(DATASET CONTENT Opens)

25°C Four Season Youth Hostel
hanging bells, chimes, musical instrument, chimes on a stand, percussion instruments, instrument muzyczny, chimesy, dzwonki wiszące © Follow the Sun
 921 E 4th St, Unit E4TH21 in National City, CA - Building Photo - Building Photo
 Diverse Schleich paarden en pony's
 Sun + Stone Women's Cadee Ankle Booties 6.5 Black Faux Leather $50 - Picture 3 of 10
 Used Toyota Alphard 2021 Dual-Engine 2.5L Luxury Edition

(DATASET CONTENT Closes)

WORK TO BE COMPLETED —
Copy the records above exactly, from the first line through the line containing "hanging bells, chimes, musical", and include nothing else.

ANSWER SPACE —
25°C Four Season Youth Hostel
hanging bells, chimes, musical instrument, chimes on a stand, percussion instruments, instrument muzyczny, chimesy, dzwonki wiszące © Follow the Sun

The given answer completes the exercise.